We rode along in silence for a while, and I realized that we had almost reached the Palings.

To me, the Palings was like some lost and forgotten corner of Paradise. At the southeast angle of the Buckshaw estate, beneath a spreading tent of green and leafy branches, the river, as though twirling in its skirts, swept round to the west in a gentle bend, creating a quiet glade that was almost an island. Here, the east bank was somewhat higher than the west; the west bank more marshy than the east.
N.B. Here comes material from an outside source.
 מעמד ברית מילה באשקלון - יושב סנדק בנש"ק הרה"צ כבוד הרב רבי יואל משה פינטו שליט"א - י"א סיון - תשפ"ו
If you knew precisely where to look among the trees, you could still spot the pretty arches of the little stone bridge, which dated from the time of the original Buckshaw, an Elizabethan manor house that had been put to the torch in the 1600s by irate villagers who made the wrong assumptions about our family’s religious allegiances.

I turned to the Gypsy, eager to share my love of the place, but she seemed to have fallen asleep. I watched her eyelids carefully to see if she was shamming, but there wasn’t so much as a flicker. Slumped against the frame of the caravan, she gave off the occasional wheeze, so that I knew she was still breathing.
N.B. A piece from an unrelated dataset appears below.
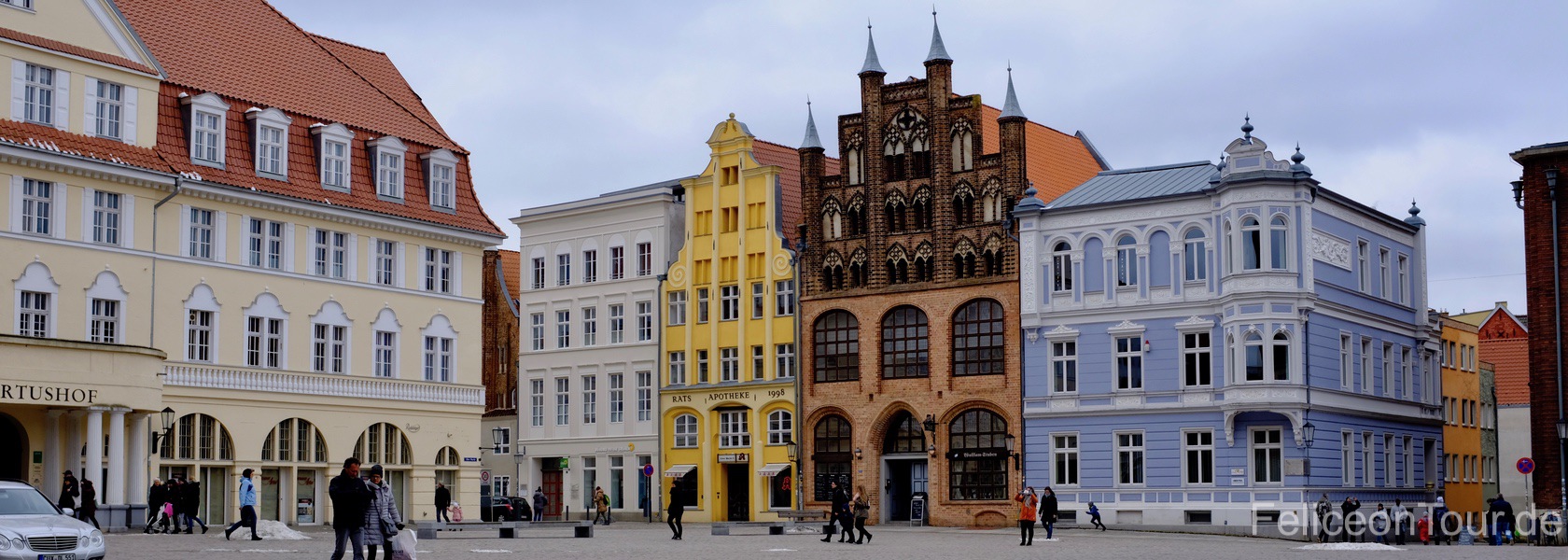 Caravanstellplatz an der Rügenbrücke Stralsund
In rather an odd way I found that I resented her easy slumber. I was simply itching to reel off for her, like a tour guide, some of the more fascinating bits of Buckshaw’s history. But for now, I should have to keep them to myself.

The Palings, as we called it, had been one of the haunts, in his latter days, of Nicodemus Flitch, a former tailor who, in the seventeenth century, had founded the Hobblers, a religious sect named for the peculiar shackled gait they adopted as they paced out their prayers. The Hobblers’ beliefs seemed to be based largely on such novel ideas as that heaven was handily located six miles above the earth’s surface, and that Nicodemus Flitch had been appointed personally by God as His mouthpiece and, as such, was licensed to curse souls to eternity, whenever he felt like it.

Daffy had told me that once, when Flitch was preaching at the Palings, he had called down God’s wrath upon the head of a heckler, who fell dead on the spot—and that if I didn’t fork over the tin of licorice allsorts that Aunt Felicity had sent me for my birthday, she would bring the same curse crashing down upon my head.

“And don’t think I can’t,” she had added ominously, tapping a forefinger on the book that she’d been reading. “The instructions are right here on this page.”

The heckler’s death was a coincidence, I had told her, and most likely due to a stroke or a heart attack. He would likely have died anyway, even if he’d decided to stay home in bed on that particular day.

“Don’t bet on it,” Daffy had grumbled.

In his later years Flitch, driven from London in disgrace, and steadily losing ground to the more exciting religious sects such as the Ranters, the Shakers, the Quakers, the Diggers, the Levellers, the Sliders, the Swadlers, the Tumblers, the Dunkers, the Tunkers, and yes, even the Incorrupticolians, had made his way to Bishop’s Lacey, where at this very bend in the river he had begun baptizing converts to his weird faith.